Türkiye'ye ayar vermeye cüret eden batılı politikacılar da sadece Yunanistan'da değil, bütün Balkanlarda turistik ve kültürel açıdan paha biçilemeyecek kadar kıymetli olan Osmanlı bakiyesi binlerce ibadethane ve dünya mirası tarihi eserin neden barbarca yıkılıp izlerinin silindiğinin hesabını vermelidir."
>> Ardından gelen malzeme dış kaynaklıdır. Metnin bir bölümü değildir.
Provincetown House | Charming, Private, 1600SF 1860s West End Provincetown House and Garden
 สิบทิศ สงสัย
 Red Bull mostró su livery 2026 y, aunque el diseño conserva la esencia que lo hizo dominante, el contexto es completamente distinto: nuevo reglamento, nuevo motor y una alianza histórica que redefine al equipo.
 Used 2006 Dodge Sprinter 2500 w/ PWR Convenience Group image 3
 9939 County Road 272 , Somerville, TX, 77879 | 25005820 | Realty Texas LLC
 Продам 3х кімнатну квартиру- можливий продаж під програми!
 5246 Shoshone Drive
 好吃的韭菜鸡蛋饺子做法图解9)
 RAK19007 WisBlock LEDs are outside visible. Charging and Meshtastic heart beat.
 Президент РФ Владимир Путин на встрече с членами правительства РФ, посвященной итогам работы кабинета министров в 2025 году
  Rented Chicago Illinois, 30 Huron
Batılı politikacılar ve din adamları tarafından Ayasofya’nın gündeme getirilmesinin Türkiye’nin egemenlik haklarına saldırı olduğunun altını çizen Yalçın, "Ancak mesele egemenlik haklarından ibaret değildir. Ayasofya meselesi, sadece Fatih’in 567 yıl önce bu tarihi yapıyı camiye kalbetmesinden ibaret de değildir. Ayasofya’nın, Türk milletinin İstanbul’da ve üç kıtadaki egemenlik haklarının ve varlık iadesinin somut delili, inkar edilemez sembolü olduğunun herkes farkındadır. Ayasofya üzerindeki hakkımız tartışmaya bile açılamayacak kadar berrak ve net, üzerinde hiçbir ülkenin fikir serdedemeyeceği kadar sabittir." ifadesini kullandı.
Asıl meselenin Türk milletinin, şehit kanlarıyla sulanan bu mübarek topraklardaki egemenliğinin kalıcı ve ebedi olacağını Milli Mücadele sırasında bir tokat gibi müstevlilerin suratına indirmesinin acısının unutulmaması olduğunu belirten Yalçın, açıklamasını şöyle sürdürdü:
"Ayasofya’nın gündemde tutularak bağımsız Türk yargısını etkileme ve hükümetin bu alandaki tasarrufunu engelleme çabalarının arka planında, Salip'le Hilal’in mücadelesi vardır. Ayrıca Ayasofya’nın sadece inanç ekseninde değerlendirilmesi, onun milletimiz açısından taşıdığı tarihi değeri sınırlamak olur. Ayasofya’nın varlığı küresel nitelikli ama kimliği millidir. Milletimizin Ayasofya'ya bakışının arkasında, büyük bir devlet geleneği ve insanlığın ebedi saadetini temin etme ülküsü yatmaktadır. Ayasofya, cihanşümul yönetim anlayışını İstanbul’da somutlaştıran bir abidedir."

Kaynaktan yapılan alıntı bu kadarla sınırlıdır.